Use list_pools(host="r2d2") for pool-level summary (size, allocated, free, health), then list_datasets(host="r2d2") for filesystems and volumes. The static pools field in the host config is just a hint — call list_pools for the live truth.

"Is the rpool on r2d2 healthy? Last scrub status?"

pool_status(host="r2d2", pool="rpool") returns the parsed zpool status output: pool state, scan summary (last scrub result + when), vdev tree with per-device read/write/checksum error counts and depth (0=pool, 1= top-level vdev, 2=leaf device). Call this when list_pools shows HEALTH=DEGRADED to find out which device.

"What's the compression / atime / recordsize on rpool/home/youruser?"

dataset_properties(host="r2d2", dataset="rpool/home/youruser", properties= ["compression", "atime", "recordsize", "compressratio"]) returns each property's value and source (local, inherited from rpool, default, …). Omit properties to fetch the full zfs get all set.

"Is rpool/home/youruser being snapshotted as expected?"

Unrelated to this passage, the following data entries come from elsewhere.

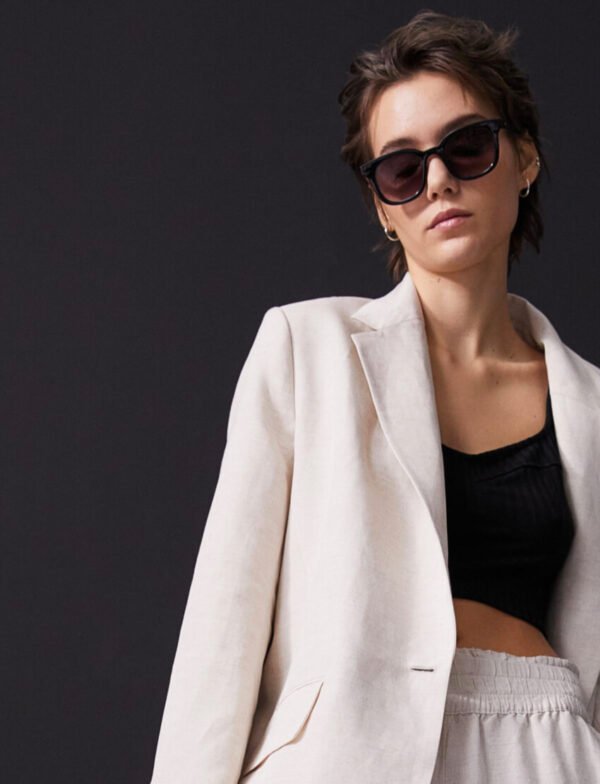 product_fashion_27_a_3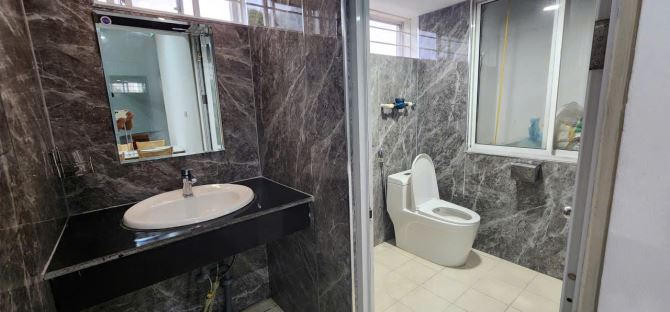 🏠SIÊU TÒA NHÀ 190M2 - 9 TẦNG - 28 CĂN 2N1K - THU 350TR/TH -- GIÁ 79 TỶ 📞 Hằng mini - 5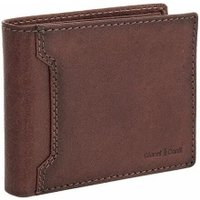 Кошелек Gianni Conti 4117410 (tan)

snapshot_cadence(host="r2d2", dataset="rpool/home/youruser") summarises the snapshot inventory: counts bucketed by retention class (frequent / hourly / daily / weekly / monthly / other), earliest/latest creation, biggest gap (with the two snapshot names that frame it), and total unique bytes. Faster than walking list_snapshots and doing arithmetic on a long response.

Cross-cutting tips for the LLM¶

Time-range parameters (after, before) accept ISO 8601 or phrases like yesterday, last week, 3 days ago, 2 hours ago.
For paths inside a snapshot, leading / is stripped — "/etc/foo" and "etc/foo" are equivalent. Anything containing .. is rejected.
Bulk traversal? Use find_files or content_grep with max_results rather than walking with many list_dir calls.
Symlinks are never followed. If the snapshot contains a symlink, you'll see its target as data; if you want the content of what it points to, ask for the target path directly.
Sudo mode is per-host and required to read files the SSH user doesn't own (e.g., snapshot copies of /etc/shadow or anything in a system dataset).
All reads are bounded — read_file to 4 MiB max, list_dir to 10 000 entries, search tools to 1 000 results. Truncated responses carry truncated: true.

Worked end-to-end example¶

User: "What changed in my dotfiles repo on r2d2 between yesterday and today?"

list_snapshots(host="r2d2", dataset="rpool/home/youruser") → pick snapshot A from 24h ago and B from latest, both of dataset rpool/home/youruser.
diff_snapshots(host="r2d2", snap_a=A, snap_b=B) → filter for paths starting with Documents/worktrees/dotfiles/.
For each modified file of interest, read_file(host="r2d2", snapshot=B, path=...) and read_file(snapshot=A, path=...) and summarise the line-level differences for the user.